Doblo la esquina hacia la derecha, ya quedan pocas habitaciones
que servir. Observo que uno de los cuartos individuales está todavía a oscuras.
Las gruesas cortinas cerradas completamente. Como si fuese un guión malo de
película barata, me cruzo con Wendy, que me mira con rostro extraño, mezcla de
lástima, hacia mí, y tristeza. Ni rastro de vinagreta en sus ojos. Me pregunto
qué diantres estará planeando, ¿tal vez me ordene limpiar tras el microondas
justo en el último minuto de mi jornada? mas no lo parece, no hay malicia tras
su inclinación de cabeza, a modo de saludo… y a continuación se acerca Sally,
mi dulce Sally, pero no parece ella. Algo no marcha bien. Algo no funciona. El
pasillo sigue a media luz, sus ojos no lo han iluminado como es habitual.

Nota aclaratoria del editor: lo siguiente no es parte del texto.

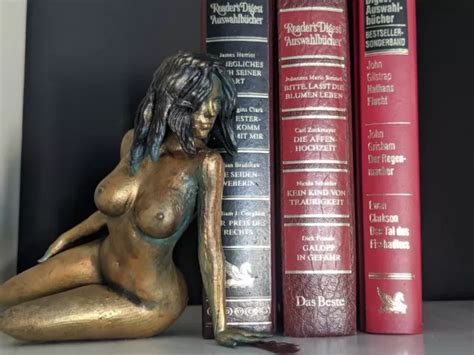 FIGUR SKULPTUR FRAU NACKT EROTIK AKT SEXY DAME 18 Antique Patina Uvp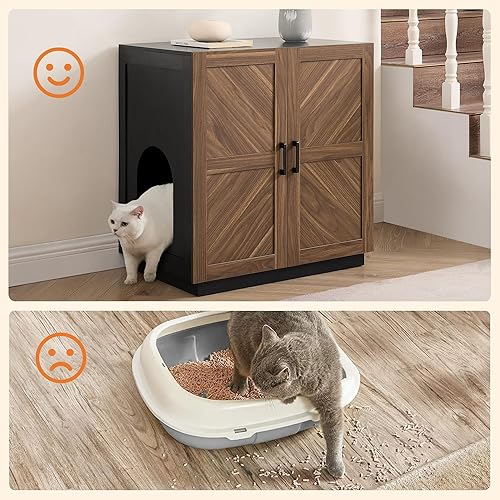 Vista 20 de unipaws – Banco de almacenamiento y orinal para gatos, cubierta de caja de arena con estructura de madera resistente, almacenamiento amplio, fácil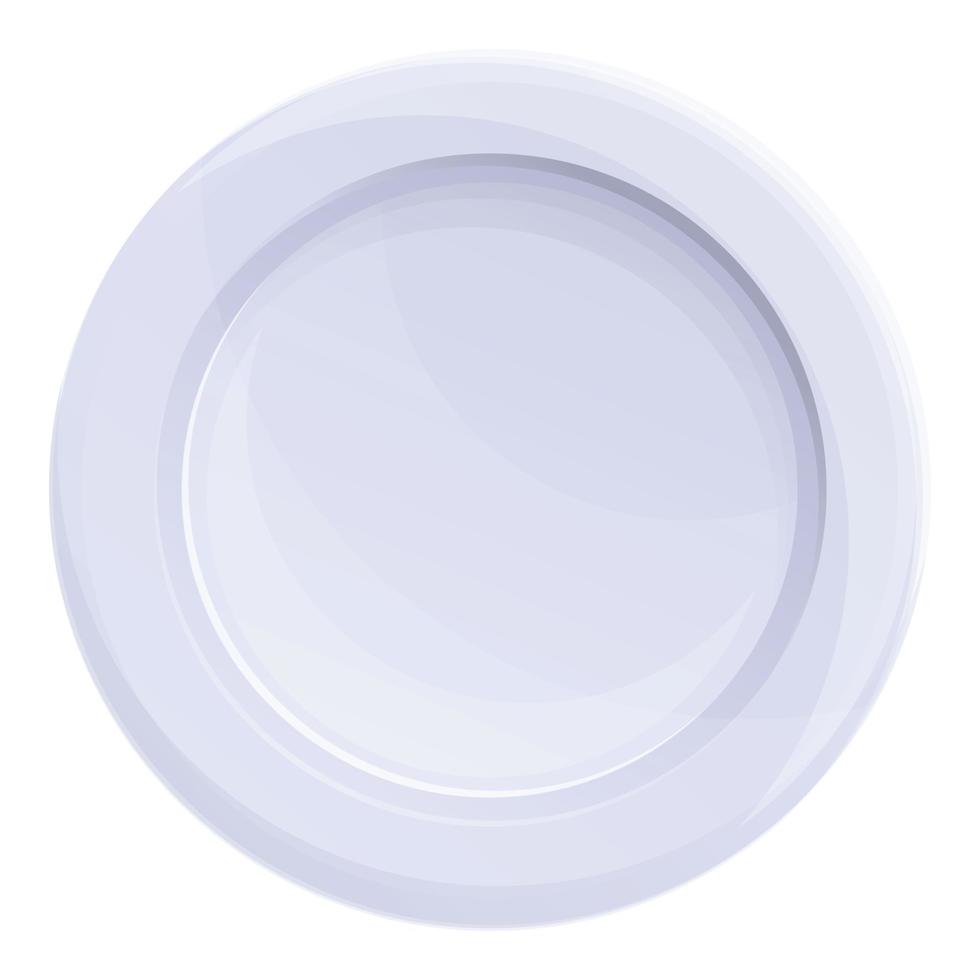 Round plastic plate icon, cartoon style vector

Cuando está a dos pasos de mí compruebo el motivo. Sus ojazos azules están
empañados por unas lágrimas que se resisten a desbordar, como un lago cubierto
de niebla en la madrugada.
̶ Sally, ¿qué
sucede?
̶ Jorge… es
Hans ̶ dice señalando tímidamente con su
dedo las cortinas.
̶ … ̶ miro
confuso la oscuridad que oprime la habitación individual, la miro a ella.
̶ Falleció anoche ̶ su
voz queda, su mano ligera sobre mi antebrazo, sus ojos sobre los míos.
Entonces sus lágrimas son mis lágrimas, trato de
contenerlas, de tragármelas, de no mostrarlas. Empujo el maldito trolley a lo largo del pasillo, cargado
de té, pastas y tostadas. Mucho más pesado que hace diez minutos.
Descansa en paz, querido Hans. Tu amiggo espaniol.